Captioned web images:

════════════════

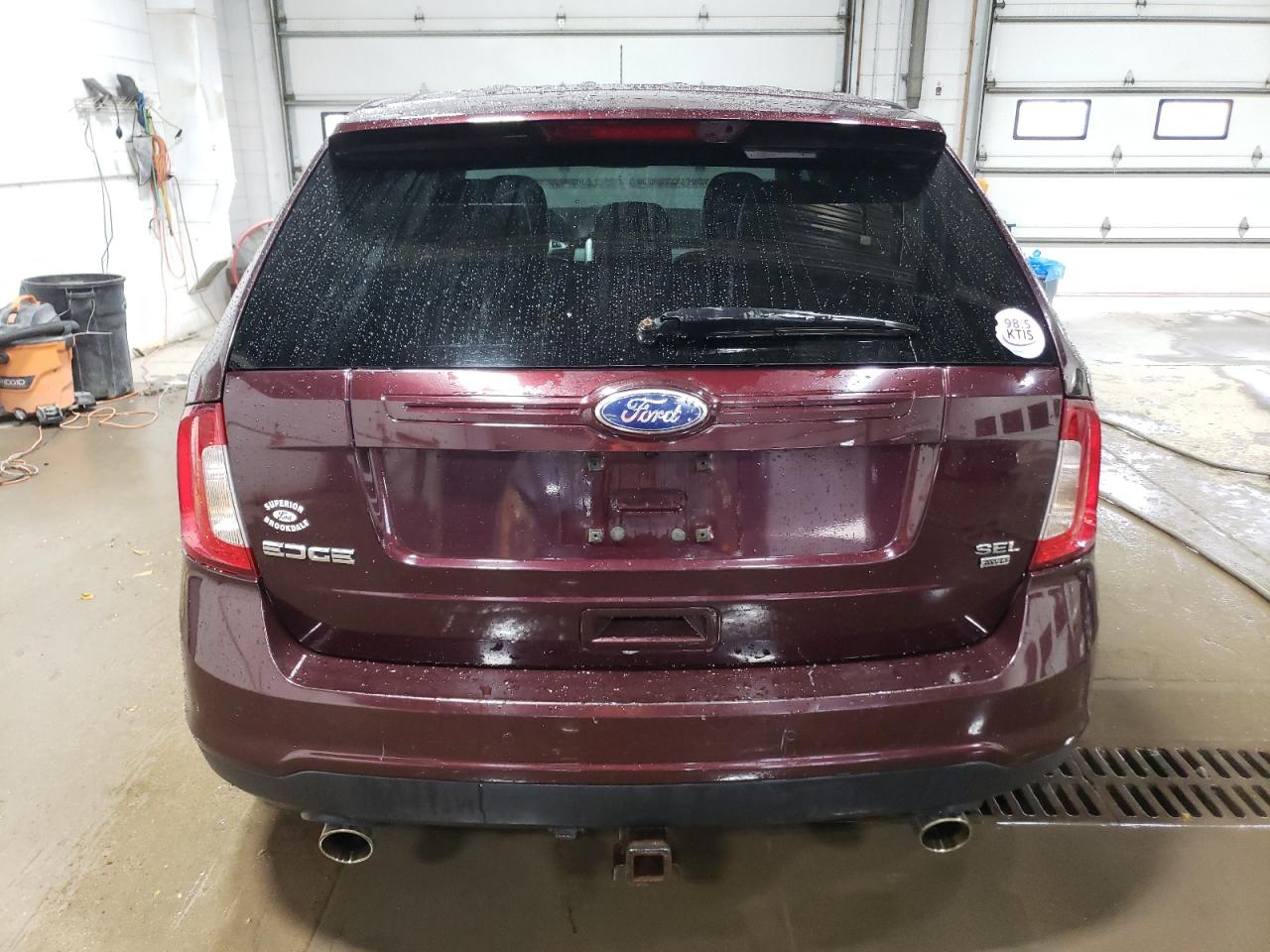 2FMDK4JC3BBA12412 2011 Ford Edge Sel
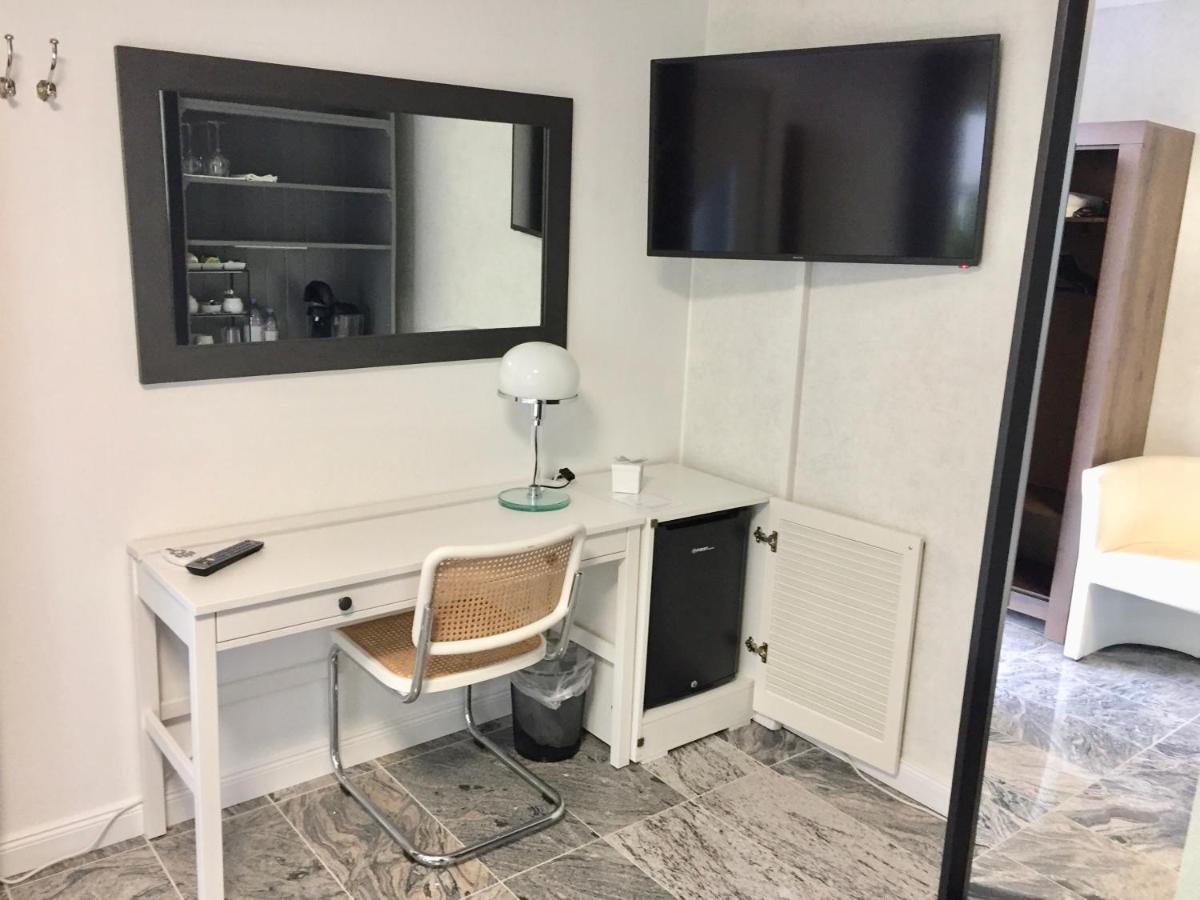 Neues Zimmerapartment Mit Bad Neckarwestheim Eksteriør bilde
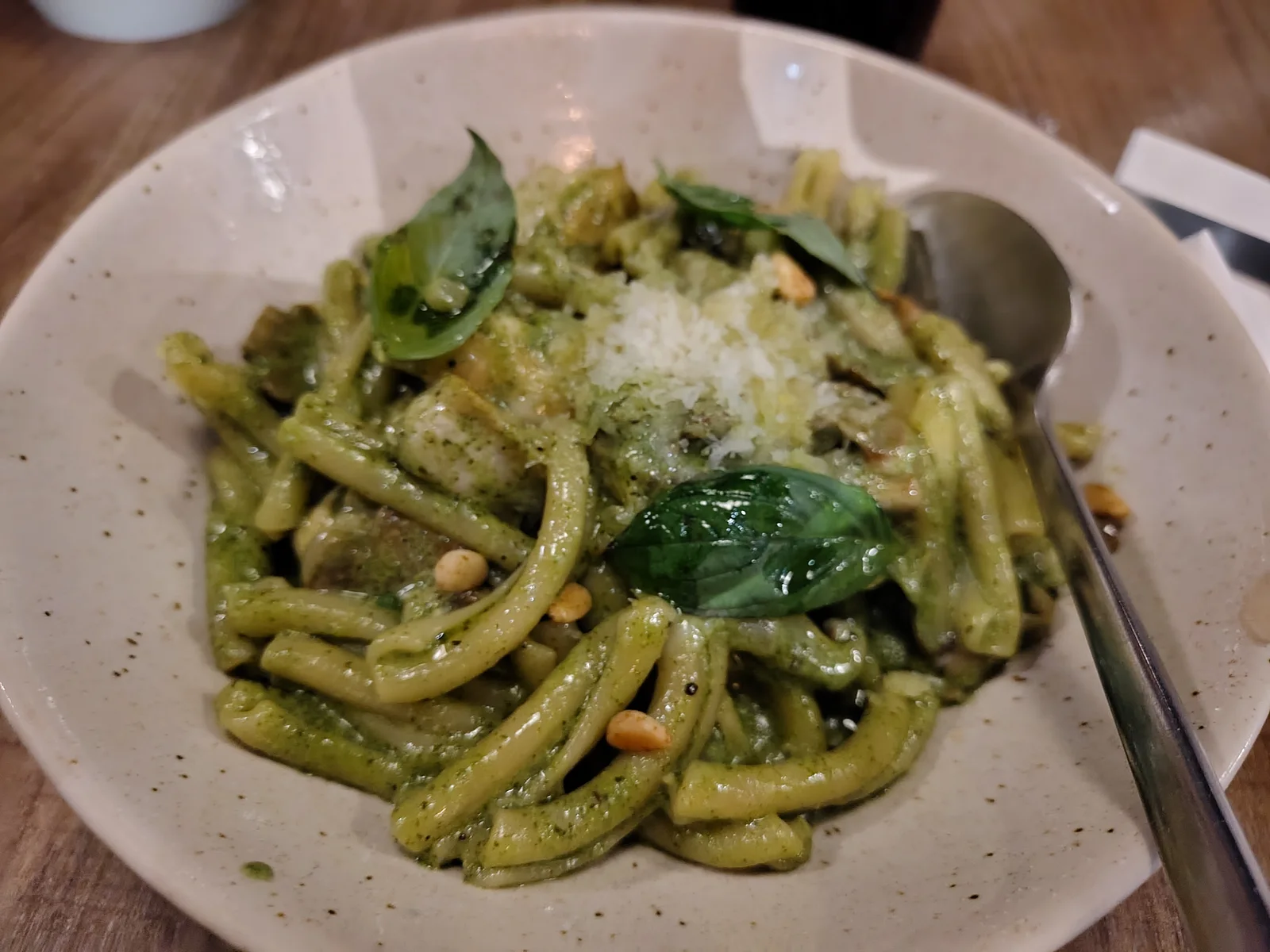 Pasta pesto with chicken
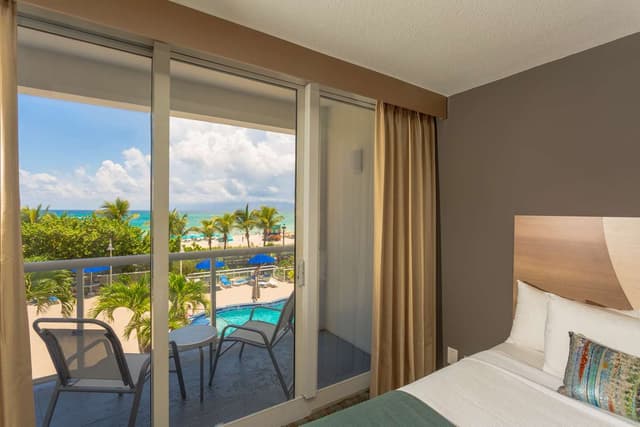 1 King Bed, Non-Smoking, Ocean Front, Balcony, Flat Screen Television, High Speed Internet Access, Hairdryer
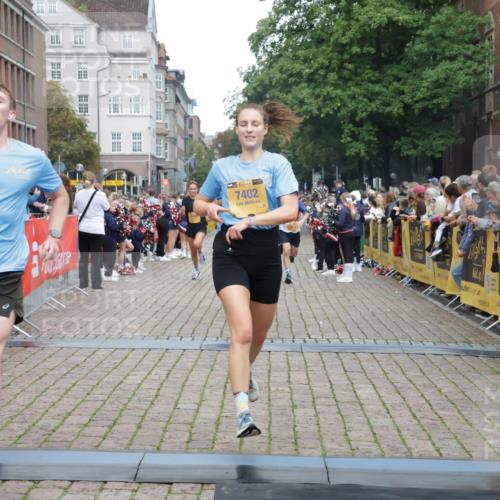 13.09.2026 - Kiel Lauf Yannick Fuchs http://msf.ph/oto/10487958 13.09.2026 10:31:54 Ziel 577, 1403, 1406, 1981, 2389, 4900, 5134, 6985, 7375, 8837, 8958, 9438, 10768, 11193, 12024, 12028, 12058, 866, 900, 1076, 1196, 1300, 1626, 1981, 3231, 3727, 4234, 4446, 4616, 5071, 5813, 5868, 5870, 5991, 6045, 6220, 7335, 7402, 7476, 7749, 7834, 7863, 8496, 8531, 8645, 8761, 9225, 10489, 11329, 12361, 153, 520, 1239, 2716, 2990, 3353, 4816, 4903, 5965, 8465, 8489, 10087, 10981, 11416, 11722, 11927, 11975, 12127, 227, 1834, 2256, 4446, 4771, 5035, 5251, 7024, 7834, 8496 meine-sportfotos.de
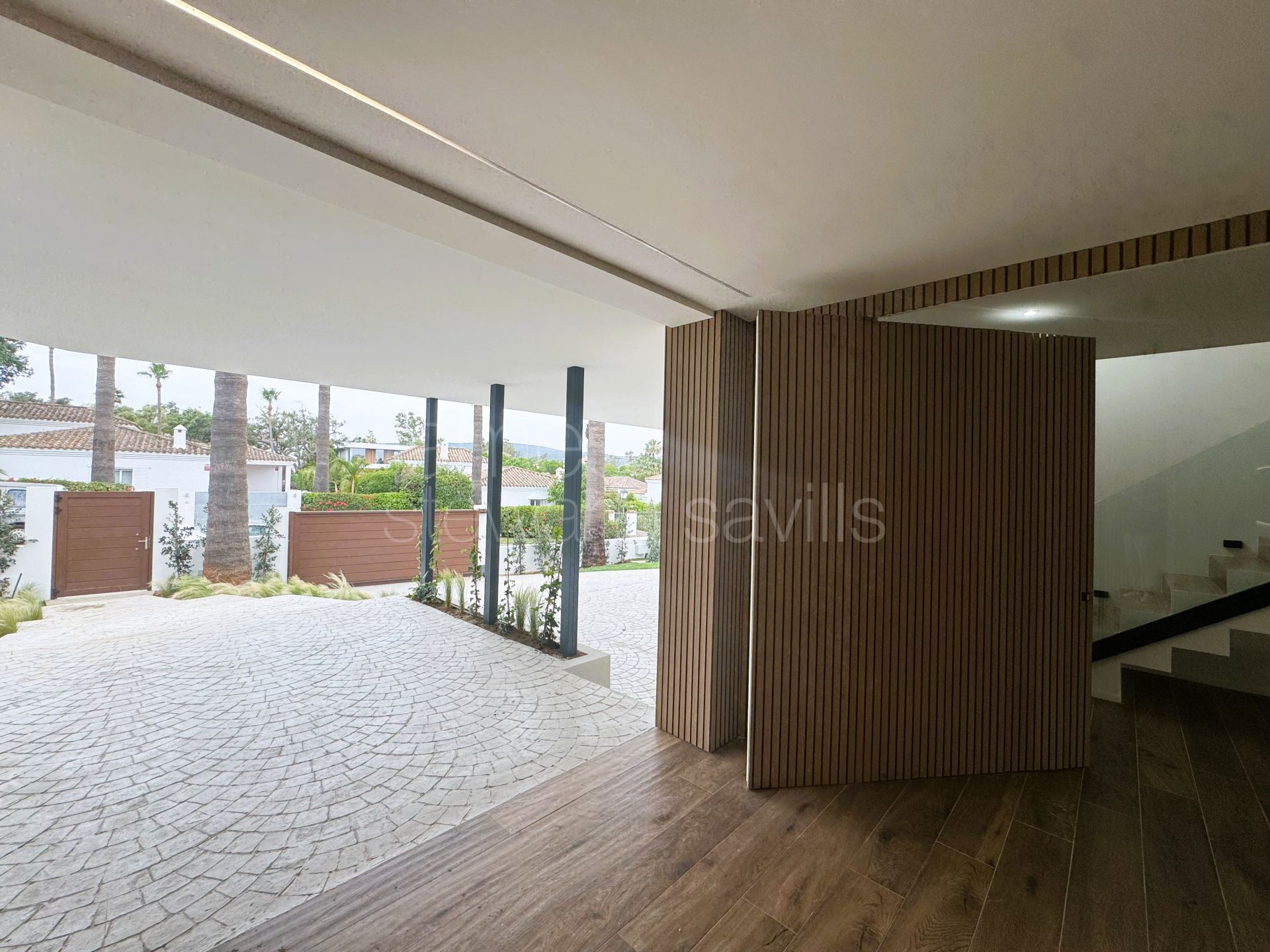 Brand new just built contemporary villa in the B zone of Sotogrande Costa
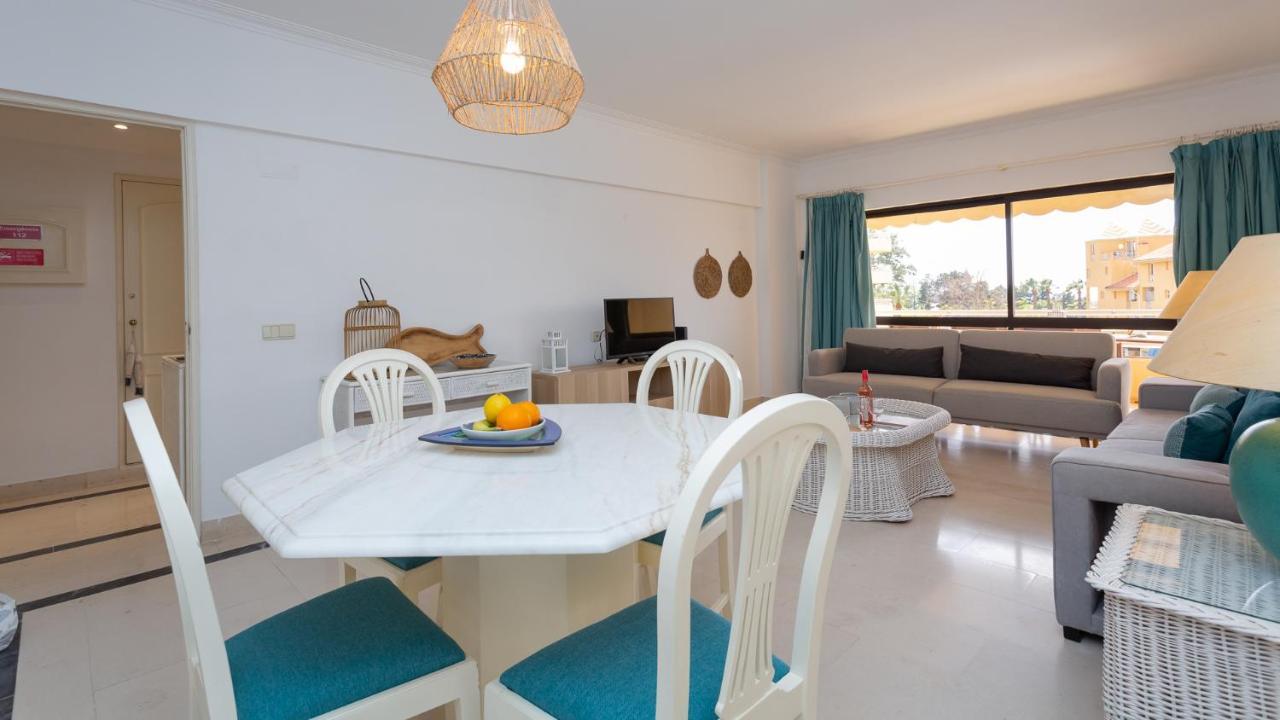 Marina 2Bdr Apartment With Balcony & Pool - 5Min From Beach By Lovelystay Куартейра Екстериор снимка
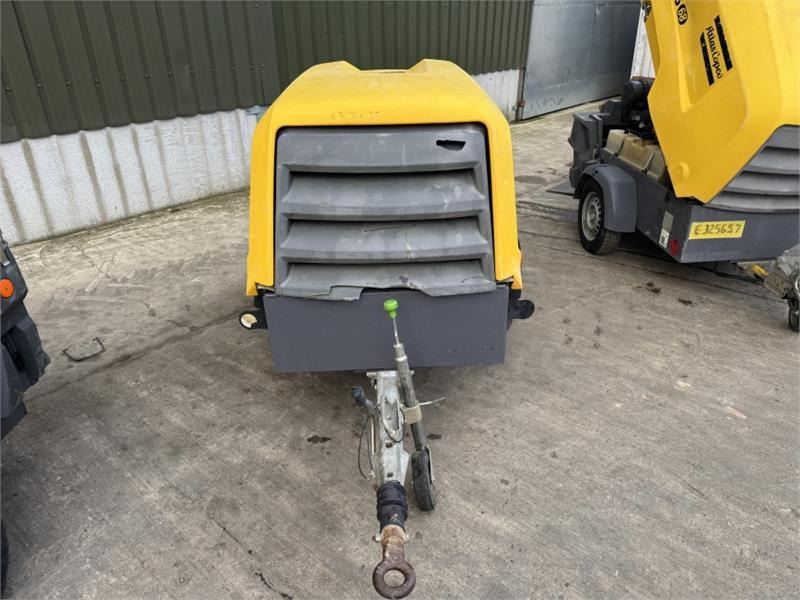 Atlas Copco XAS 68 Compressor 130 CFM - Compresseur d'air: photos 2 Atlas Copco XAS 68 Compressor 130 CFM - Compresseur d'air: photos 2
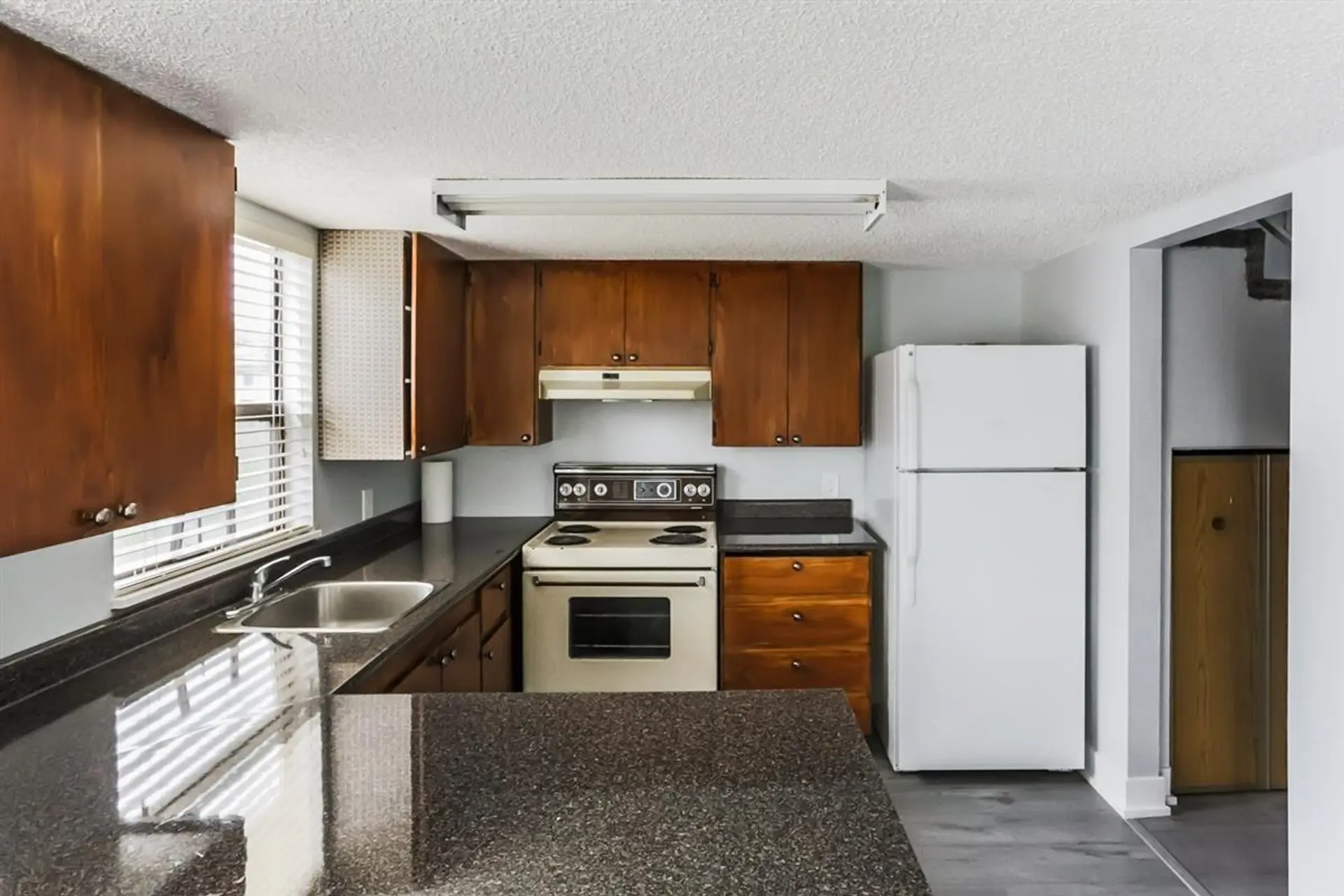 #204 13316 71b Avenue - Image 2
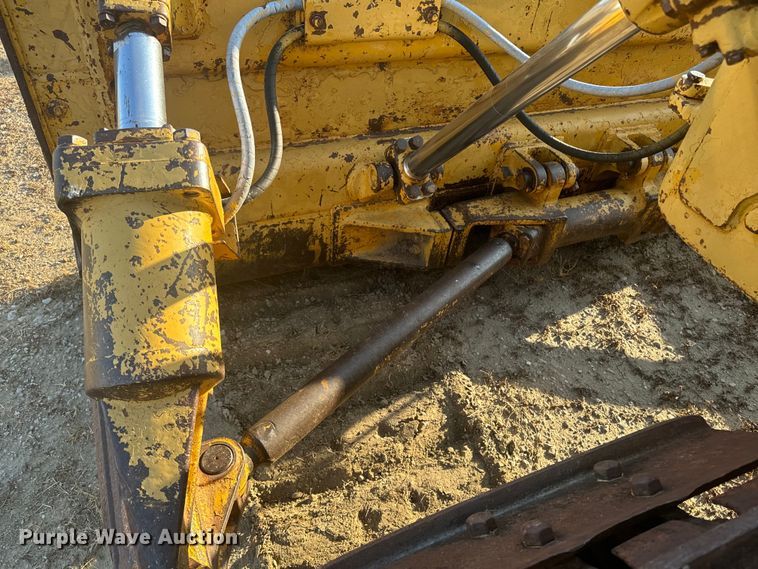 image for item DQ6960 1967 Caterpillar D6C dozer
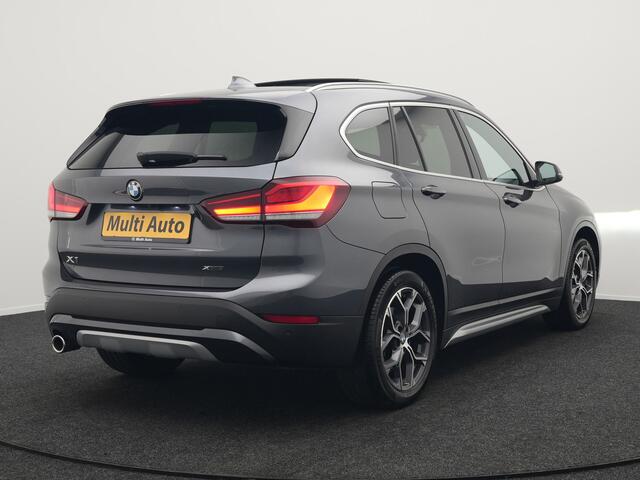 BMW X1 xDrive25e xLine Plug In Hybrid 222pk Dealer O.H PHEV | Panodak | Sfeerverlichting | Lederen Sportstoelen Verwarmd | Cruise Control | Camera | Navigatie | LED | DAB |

════════════════

WHAT YOU NEED TO DO: Pictures should not appear in the copy. Write out exactly the lines above from the first one through the line that contains "1 King Bed, Non-Smoking, Ocean".

ANSWER BOX:
 2FMDK4JC3BBA12412 2011 Ford Edge Sel
 Neues Zimmerapartment Mit Bad Neckarwestheim Eksteriør bilde
 Pasta pesto with chicken
 1 King Bed, Non-Smoking, Ocean Front, Balcony, Flat Screen Television, High Speed Internet Access, Hairdryer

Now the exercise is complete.